Ring buffer with atomic indexes

Question

I have struggled with what must be a fundamental misunderstanding of how atomics work in C++. I have written the code below to implement a fast ring buffer using atomic variables for indexes so multiple threads can write to and read from the buffer. I've whittled the code down to this simple case (which I realize is still a little long. Sorry.). If I run this on either Linux or Mac OS X, it will work some of the time, but it will also throw exceptions at least 10% of the time.
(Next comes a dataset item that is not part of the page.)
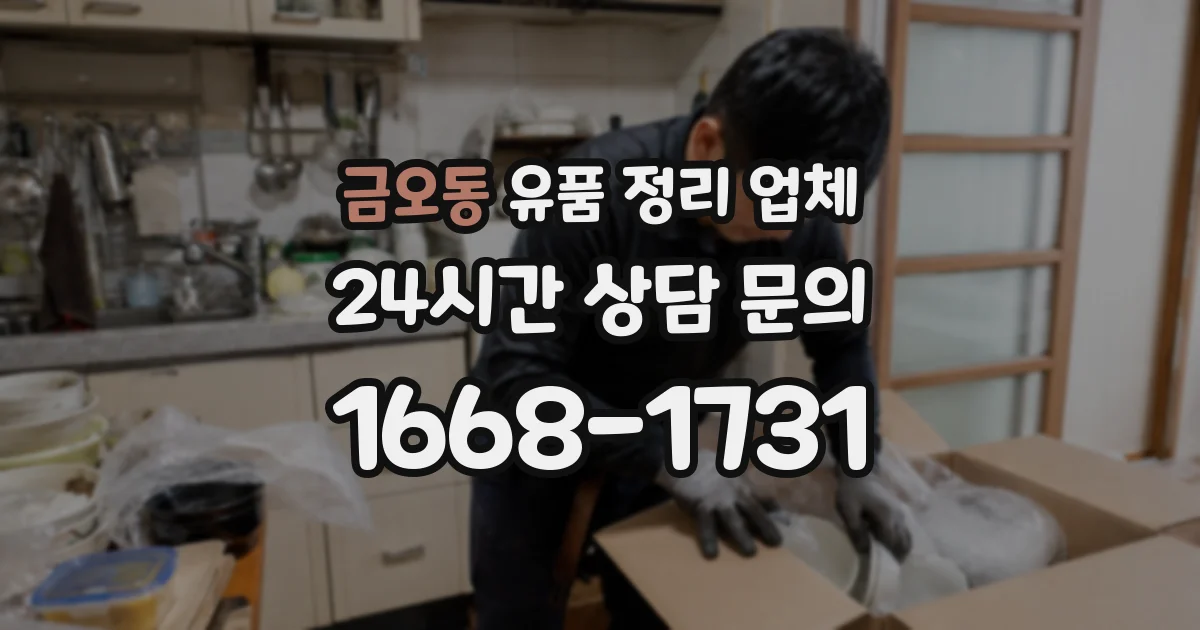 금오동 유품 정리 업체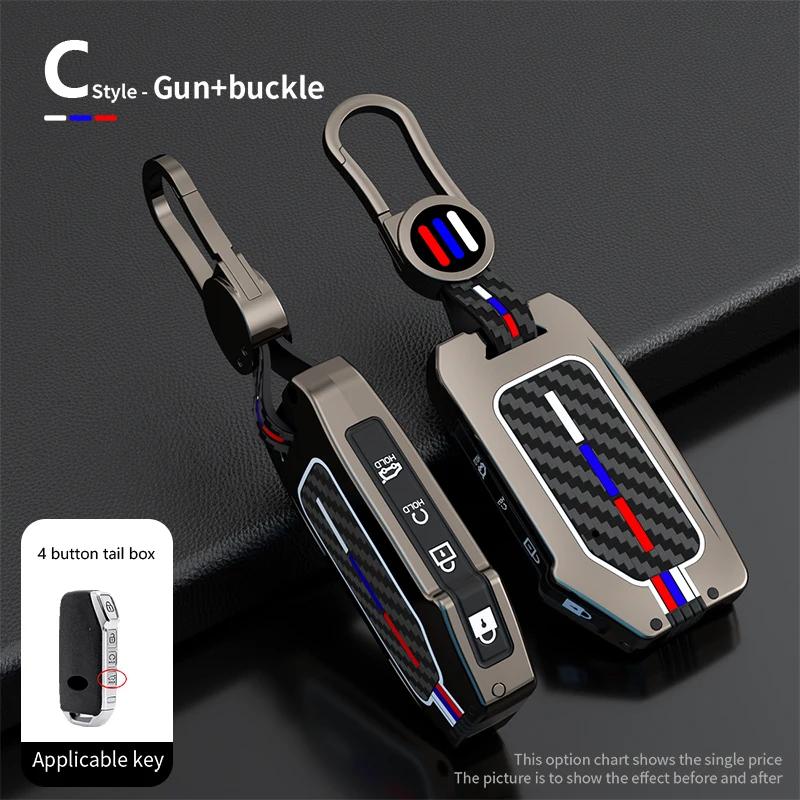 Чехол-накладка для ключа автомобиля для Kia Sportage 2025 Kia Ray Sorento Soul Telluride Cerato 2020 K5 K8 2025 Золотой Мягкий Чехол для Ключа Автомобильная Сумка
It also seems to run very fast, and then slow down, and maybe even speed up again also suggesting something is not quite right. I cannot understand the flaw in my logic. Do I need a fence somewhere?

Here's a simple description of what it's trying to do: Atomic index variables are bumped up using the compare_exchange_weak method. This is to guarantee exclusive access to the slot the index was bumped from. Two indices are actually needed so as we wrap around the ring buffer, values are not overwritten. More details are embedded in the comments.

#include <mutex>
#include <atomic>
#include <iostream>
#include <cstdint>
#include <vector>
#include <thread>
using namespace std;


const uint64_t Nevents = 1000000;
std::atomic<uint64_t> Nwritten(0);
std::atomic<uint64_t> Nread(0);
#define MAX_EVENTS 10

mutex MTX;

std::atomic<uint32_t> iread{0};  // The slot that the next thread will try to read from
std::atomic<uint32_t> iwrite{0}; // The slot that the next thread will try to write to
std::atomic<uint32_t> ibegin{0}; // The slot indicating the beginning of the read region
std::atomic<uint32_t> iend{0};   // The slot indicating one-past-the-end of the read region
std::atomic<uint64_t> EVENT_QUEUE[MAX_EVENTS];

//-------------------------------
// WriteThreadATOMIC
//-------------------------------
void WriteThreadATOMIC(void)
{
    MTX.lock();
    MTX.unlock();

    while( Nwritten < Nevents ){

        // Copy (atomic) iwrite index to local variable and calculate index
        // of next slot after it
        uint32_t idx = iwrite;
        uint32_t inext = (idx + 1) % MAX_EVENTS;
        if(inext == ibegin){
            // Queue is full
            continue;
        }

        // At this point it looks like slot "idx" is available to write to.
        // The next call ensures only one thread actually does write to it
        // since the compare_exchange_weak will succeed for only one.
        if(iwrite.compare_exchange_weak(idx, inext))
        {
            // OK, we've claimed exclusive access to the slot. We've also
            // bumped the iwrite index so another writer thread can try
            // writing to the next slot. Now we write to the slot.
            if(EVENT_QUEUE[idx] != 0) {lock_guard<mutex> lck(MTX); cerr<<__FILE__<<":"<<__LINE__<<endl; throw -1;} // Dummy check. This should NEVER happen!
            EVENT_QUEUE[idx] = 1;
            Nwritten++;

            if(Nread>Nwritten) {lock_guard<mutex> lck(MTX); cerr<<__FILE__<<":"<<__LINE__<<endl; throw -3;} // Dummy check. This should NEVER happen!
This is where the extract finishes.